I have been called a curmudgeon. Since that has been most of my life, turns out being a curmudgeon is not age-related. I have told I am grumpy. However, to be grumpy, someone else has to be in the room, so perhaps, I am not grumpy, but just annoyed. Food for thought.
I do know what happiness is. Being with my grandchildren, the first sip of coffee in the morning, riding my bike, or piece of really good dark chocolate are some personal examples of happiness. The fact that a piece of dark chocolate is followed by many more pieces could be considered to be a problem.
I have been thinking about happiness. The Declaration of Independence states:
- "We hold these truths to be self-evident, that all men are created equal, that they are endowed by their Creator with certain unalienable Rights, that among these are Life, Liberty and the pursuit of Happiness".
Many today think the pursuit of Happiness referred to personal happiness. But that is not what the Founding Fathers meant when they included "the pursuit of Happiness" into the Declaration. To understand, you have to think about happiness not in today's terms, but in the 1700s and even before that. When Jefferson put the "pursuit of happiness" into the Declaration, he was not thinking about personal happiness, but public happiness.
According to the historian, Caroline Winterer, Ph.D. (Professor of American History, Stanford University] in a Ted Talk entailed "America's pursuit of happiness and why it's gone wrong", what the founding fathers at that time meant by public happiness was "every citizen thinking of the larger good". She goes on to state private happiness comes after public happiness. As an example, she states the opposite of private happiness is sadness, but the opposite of pubic happiness is tyranny or anarchy.

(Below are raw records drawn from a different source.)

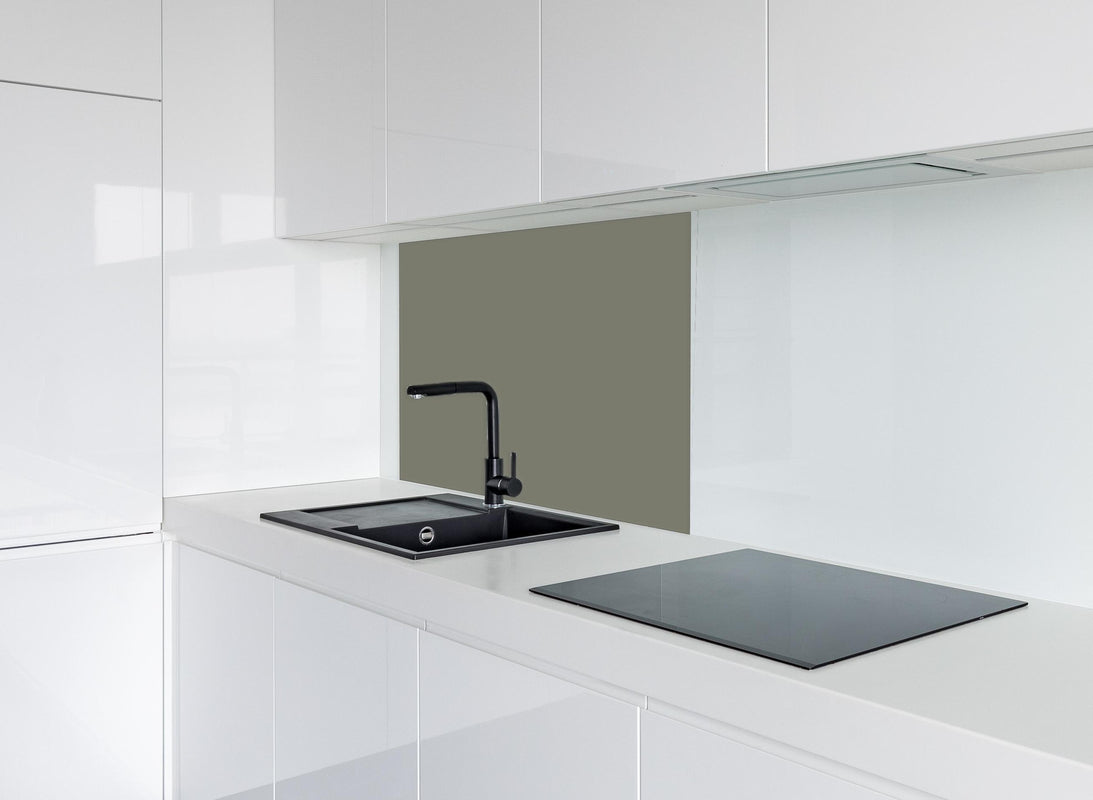 Spritzschutz - RAL 7003 (Moosgrau) hinter modernem schwarz-matten Spülbecken in weißer Hochglanz-Küche
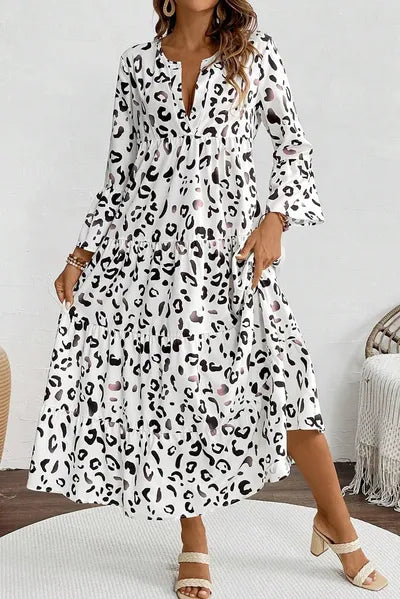 Gestuftes Leoparden-Kleid mit gekerbtem Dreiviertelarm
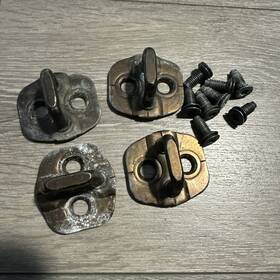181.da1p09 Nissan 2009 - 2014 Maxima Door Lock Latch Striker Plates Bolts Screws Oem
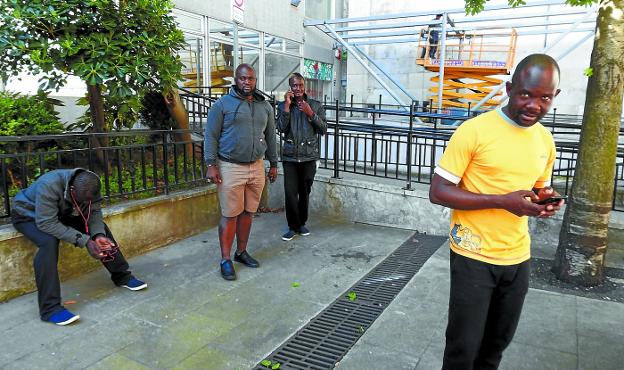 Solo 11 de los 46 migrantes de Mali que llegaron en autobús siguen en Donostia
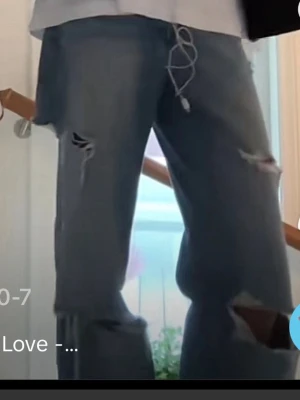 VÄÄRLDENSCOOLASTE JEANS IFRÅN ZARA - Supersnygga baggy jeans med hål ifrån Zara!! Helt slutsålda och otroligt eftertraktade!!🥰🥰😇🌟 sitter så snyggt på och är perfekta nu inför våren, sommaren osv!🥰🥰💘🩵 säljer pga behovet pengar! Inga defekter förutom lite slitna längst ner men det tänker man inte på😍❣️ säljer pga behovet rpengar❣️❣️ storlek 36 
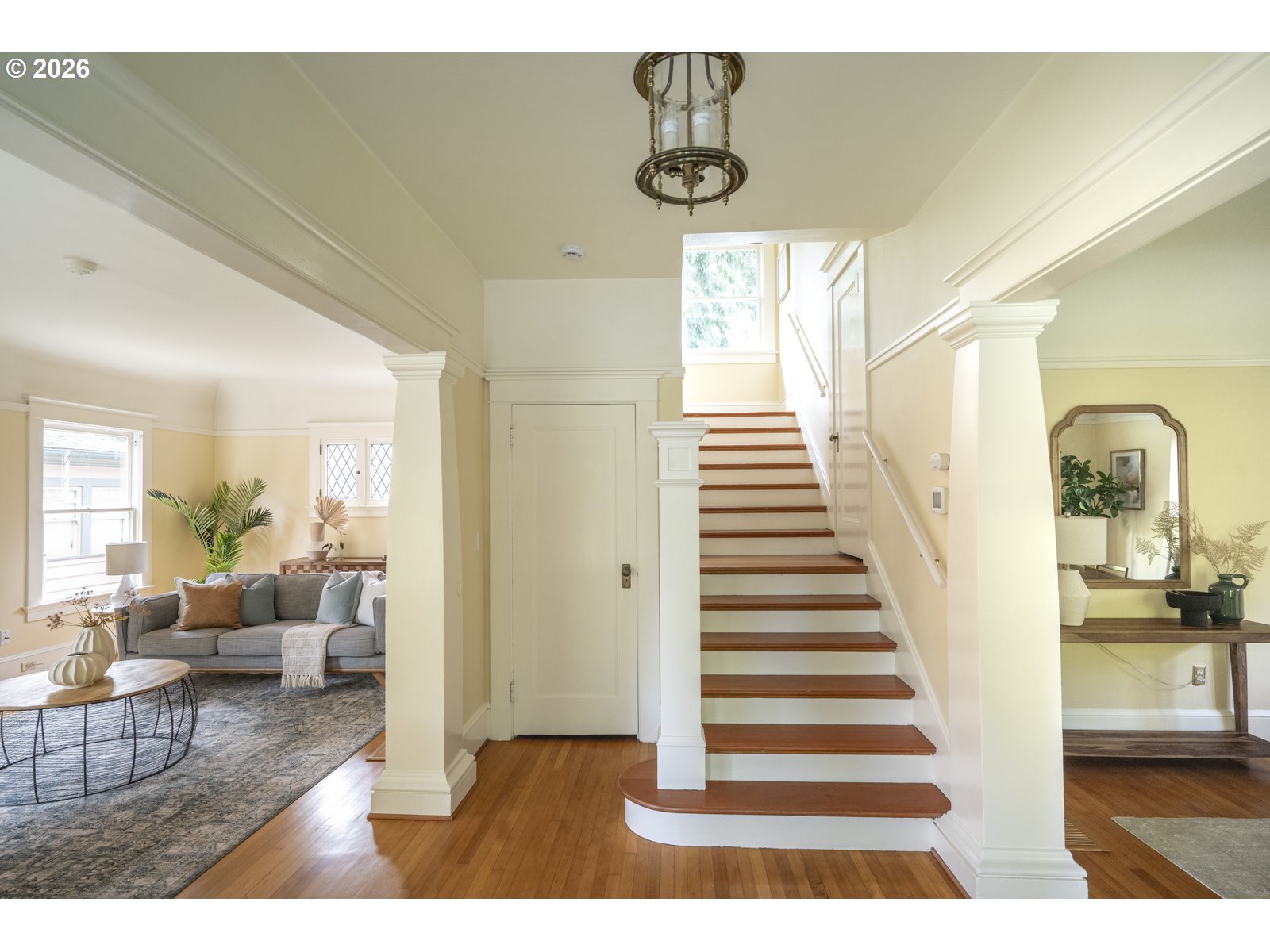 515 NE FLORAL PL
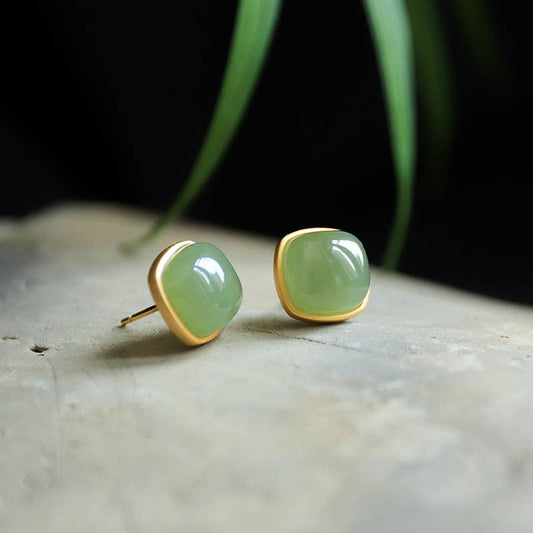 Romantic Gold Earring for Special Moments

I reviewed a number of academic articles and one of the interesting facets is Jefferson and other founding fathers traced public happiness back to Greek scholars such as Plato, Aristotle, and Epicurus. In fact, in a letter dated 10/13/1819, Jefferson wrote “I too am an Epicurean. I consider the genuine doctrines of Epicurus as containing everything rational in moral philosophy which Greece and Rome have left us.” Sadly, today many National leaders would not know the difference between a Greek Scholar and Greek Yogurt.
George Washington said, "There is nothing, which can better deserve your patronage than the promotion of Science, Literature. Knowledge is in every country the surest basis of public happiness", [President Washington's first annual address, January 8th, 1790.] Pretty sure George would be very disappointed with a large number of our National leaders today. He would be even more disappointed with us for electing them.
So what does all this have to do with masks? What it means is if someone says it is their right to not wear a mask, George, Thomas, and a bunch more of our founding fathers along with Epicurus would be very disappointed in this person.
In today's world, too often we are only thinking of our personal or private happiness. It is important to understand that for our founding fathers, personal happiness came after public happiness. In other words, until we are all working together towards the common good or public happiness, there can be no personal happiness.